- WHAT THE TASK REQUIRES -
What is needed is an exact copy of every line from the one with "this 300×200 image." to the end of the entries below, without the pictures.

- RECORDS FOR THE TASK -
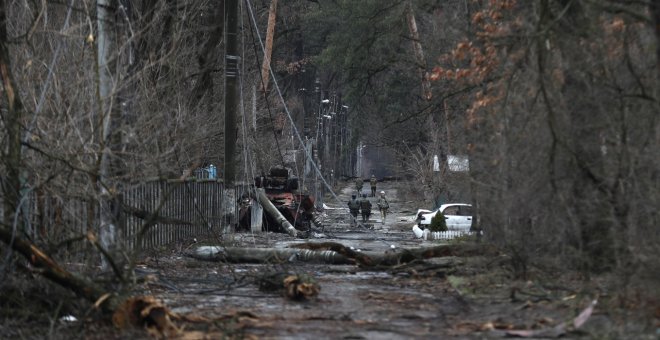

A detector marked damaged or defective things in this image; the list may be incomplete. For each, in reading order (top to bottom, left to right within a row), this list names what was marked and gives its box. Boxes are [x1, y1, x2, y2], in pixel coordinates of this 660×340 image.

burned wreckage [237, 167, 322, 236]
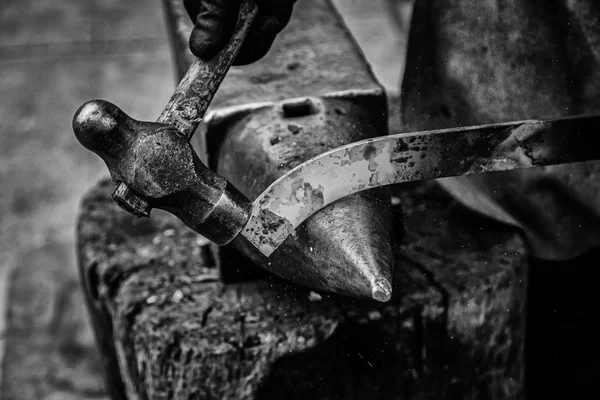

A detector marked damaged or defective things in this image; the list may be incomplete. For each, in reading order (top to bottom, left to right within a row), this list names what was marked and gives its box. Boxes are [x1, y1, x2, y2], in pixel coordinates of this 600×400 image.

rusty metal surface [243, 112, 600, 256]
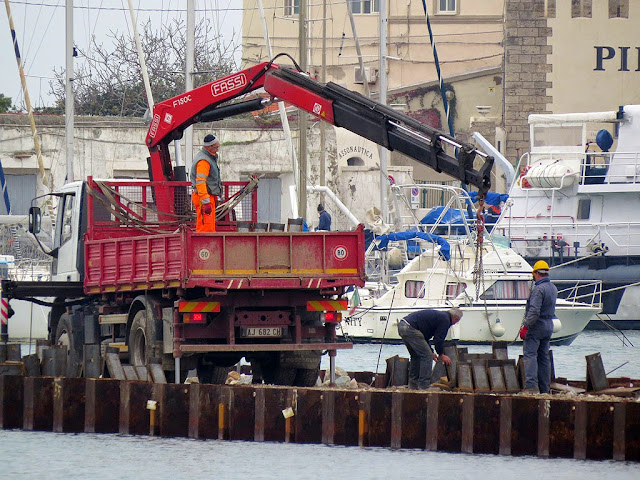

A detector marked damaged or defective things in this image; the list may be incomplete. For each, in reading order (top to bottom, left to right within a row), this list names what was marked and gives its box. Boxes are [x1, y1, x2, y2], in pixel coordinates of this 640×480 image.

rusty steel sheet [0, 376, 23, 428]
rusty steel sheet [22, 378, 54, 432]
rusty steel sheet [52, 378, 86, 436]
rusty steel sheet [84, 378, 120, 436]
rusty steel sheet [118, 380, 153, 436]
rusty steel sheet [155, 382, 190, 438]
rusty steel sheet [226, 384, 254, 440]
rusty steel sheet [296, 390, 322, 442]
rusty steel sheet [470, 394, 500, 454]
rusty steel sheet [510, 396, 540, 456]
rusty steel sheet [544, 398, 576, 458]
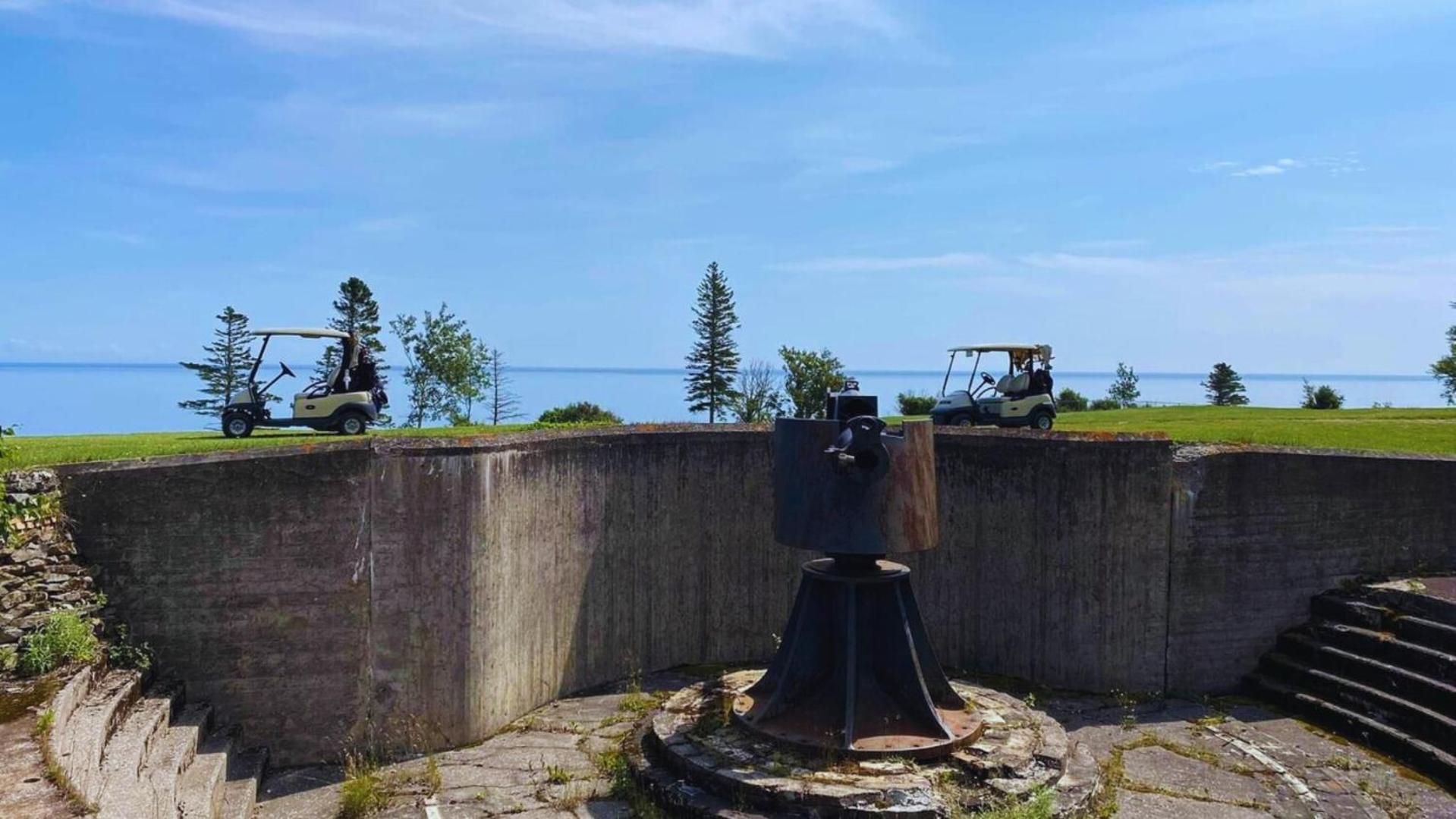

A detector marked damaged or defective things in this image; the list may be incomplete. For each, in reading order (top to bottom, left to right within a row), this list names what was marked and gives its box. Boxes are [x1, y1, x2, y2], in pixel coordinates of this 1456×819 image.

cracked concrete floor [253, 672, 1456, 819]
rusty metal gun mount [734, 392, 984, 762]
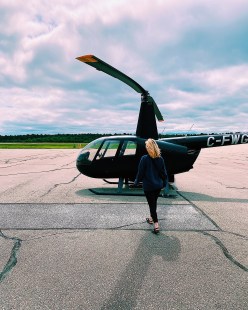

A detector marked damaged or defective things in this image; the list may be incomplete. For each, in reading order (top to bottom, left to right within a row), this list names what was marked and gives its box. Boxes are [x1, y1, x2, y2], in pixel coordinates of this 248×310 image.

cracked tarmac [0, 148, 247, 310]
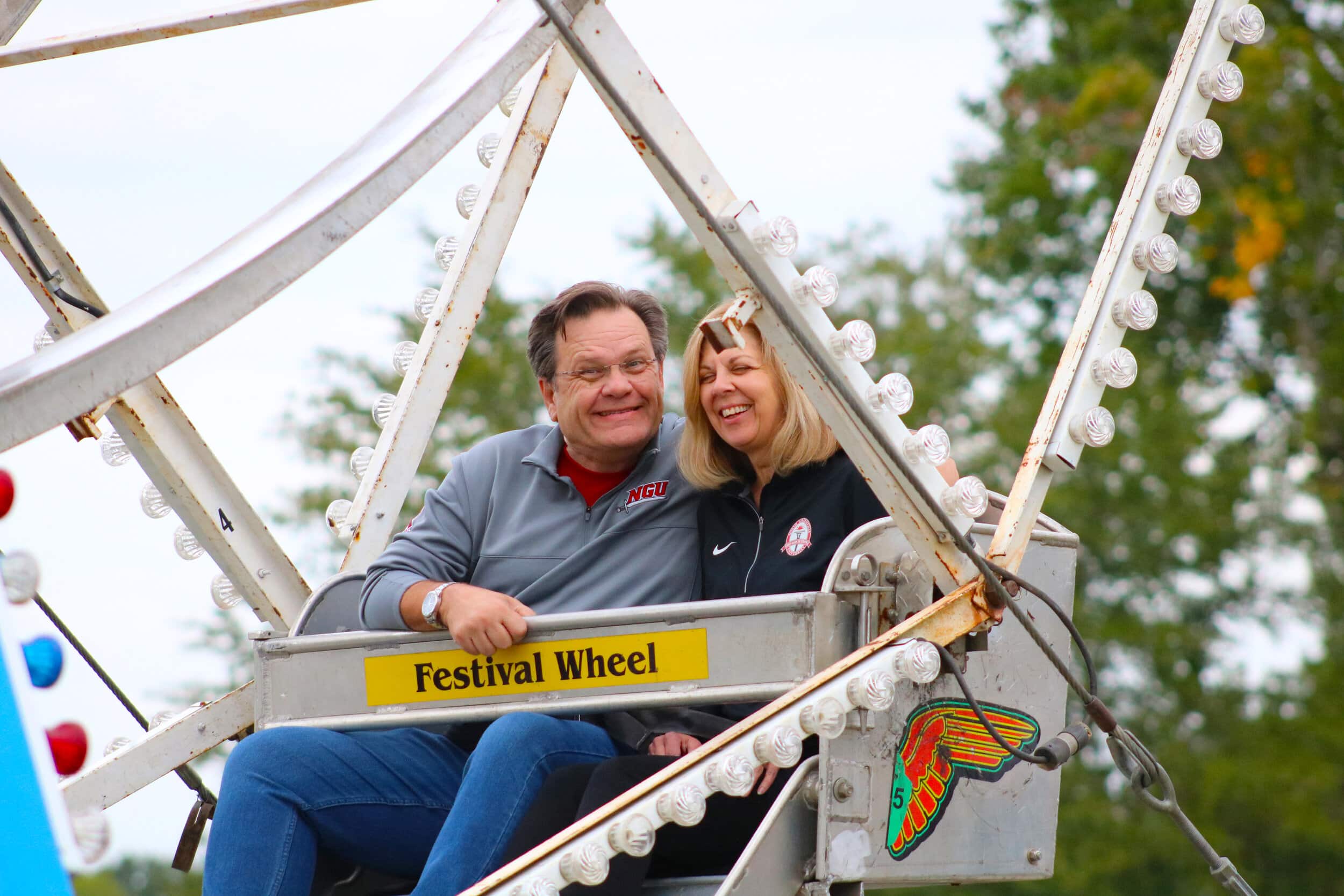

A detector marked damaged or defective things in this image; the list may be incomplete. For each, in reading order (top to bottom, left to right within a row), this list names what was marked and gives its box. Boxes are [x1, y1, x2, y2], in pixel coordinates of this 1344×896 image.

rusty metal [0, 0, 378, 68]
rusty metal [340, 44, 576, 568]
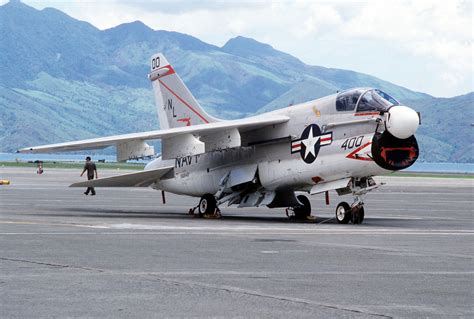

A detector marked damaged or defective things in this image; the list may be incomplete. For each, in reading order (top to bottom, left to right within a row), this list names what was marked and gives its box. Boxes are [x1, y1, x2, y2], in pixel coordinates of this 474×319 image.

pavement crack [0, 256, 103, 274]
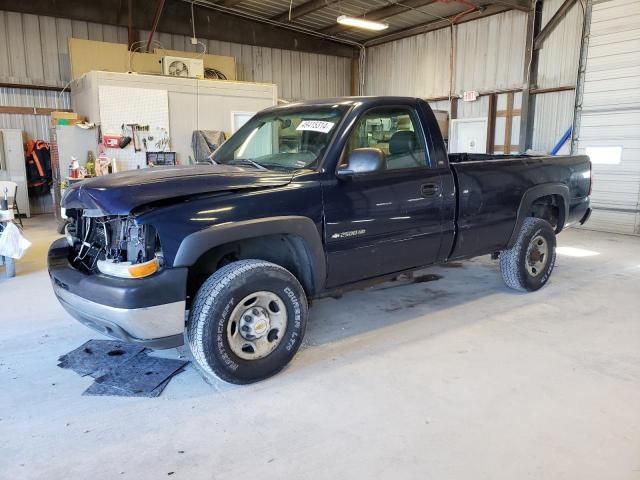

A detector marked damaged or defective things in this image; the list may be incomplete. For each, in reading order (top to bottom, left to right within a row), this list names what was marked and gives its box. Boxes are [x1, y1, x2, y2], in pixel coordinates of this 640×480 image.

damaged front bumper [47, 239, 188, 348]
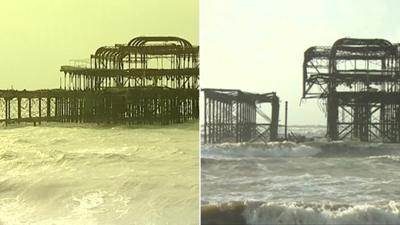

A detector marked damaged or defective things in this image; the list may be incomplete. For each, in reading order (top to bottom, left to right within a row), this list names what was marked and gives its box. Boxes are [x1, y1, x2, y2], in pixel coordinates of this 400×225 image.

burnt pier structure [0, 36, 199, 125]
burnt pier structure [202, 88, 280, 143]
burnt pier structure [304, 37, 400, 142]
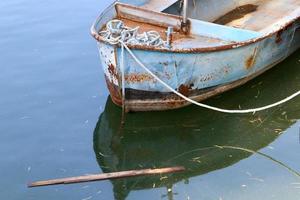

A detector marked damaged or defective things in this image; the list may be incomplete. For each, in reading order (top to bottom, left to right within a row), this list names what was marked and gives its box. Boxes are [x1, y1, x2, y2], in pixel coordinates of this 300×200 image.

rust stain [213, 4, 258, 25]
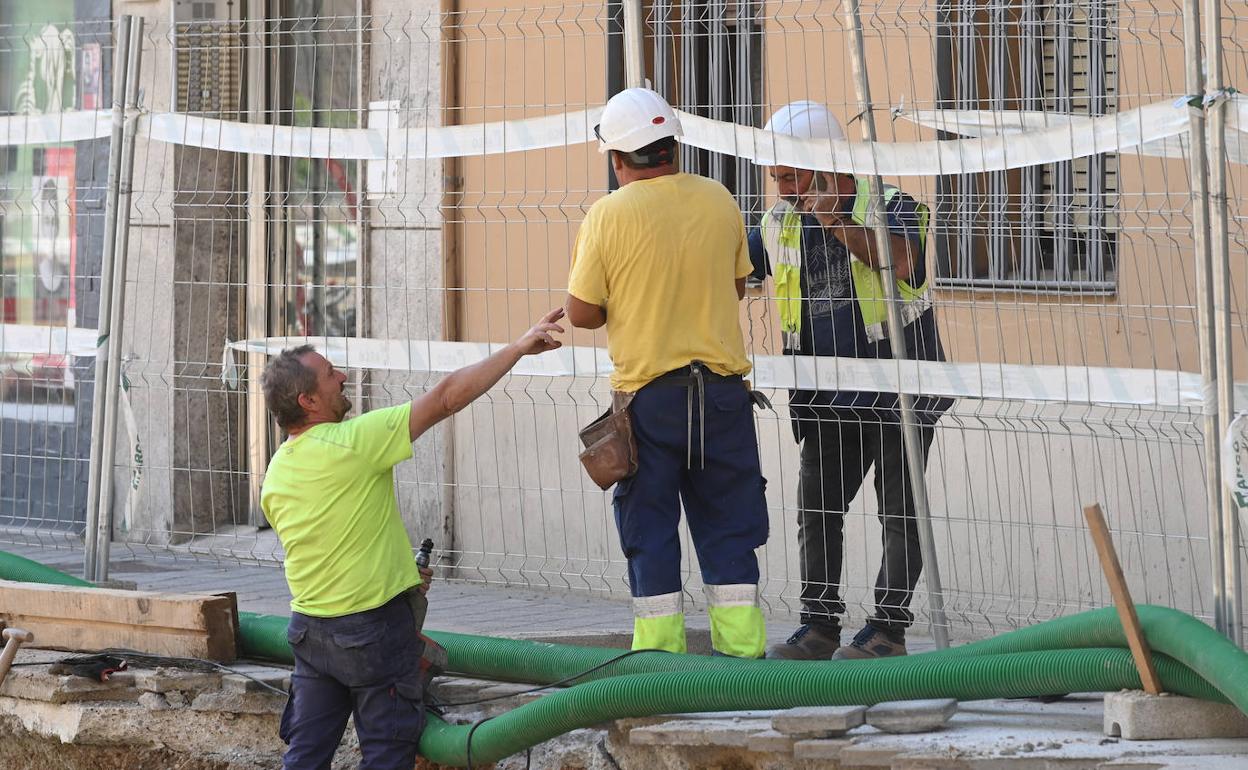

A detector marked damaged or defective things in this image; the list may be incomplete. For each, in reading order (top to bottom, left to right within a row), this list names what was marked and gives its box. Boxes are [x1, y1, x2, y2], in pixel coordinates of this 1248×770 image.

broken concrete slab [628, 713, 773, 743]
broken concrete slab [768, 703, 868, 733]
broken concrete slab [863, 698, 958, 733]
broken concrete slab [1103, 688, 1248, 743]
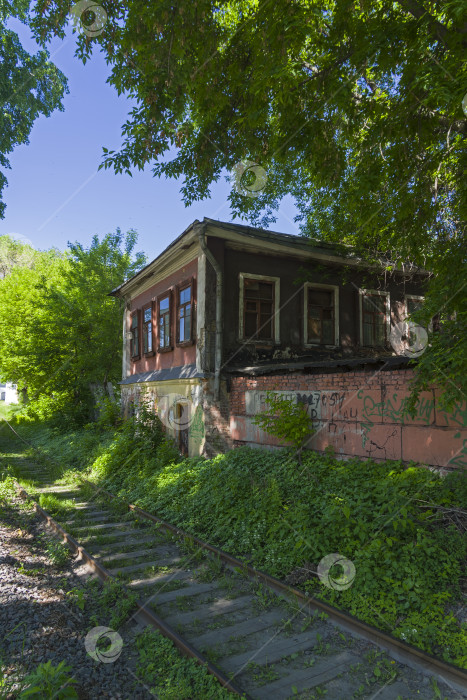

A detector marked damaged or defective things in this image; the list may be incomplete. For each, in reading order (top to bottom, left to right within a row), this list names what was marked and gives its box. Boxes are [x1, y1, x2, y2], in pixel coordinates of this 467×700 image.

- ANSWER SPACE -
A detector marked damaged or defective things in this image; the list may be incomplete. For each, in reading order (top to bottom, left to right within a row), this list names what was marked and gives its box. Boxes are [x1, y1, x2, y2], in pixel coordinates of this 300×200 image.

rust stain [213, 4, 258, 25]

A detector marked damaged or defective things in this image; the list may be incomplete. For each, in reading order (top to bottom, left to right within a row), this list names what was marked and gives its box. Boxes are [x1, y1, x2, y2], in pixel coordinates of this 1248×770 image.

broken concrete slab [628, 713, 773, 743]
broken concrete slab [768, 703, 868, 733]
broken concrete slab [863, 698, 958, 733]
broken concrete slab [1103, 688, 1248, 743]

A detector marked damaged or defective things in this image; the list may be incomplete. For each, in reading order (top to bottom, left to right within a row), this list names what was marked and gives its box. Boxes are [x1, y1, x2, y2], in pixel coordinates of this 467×700 image.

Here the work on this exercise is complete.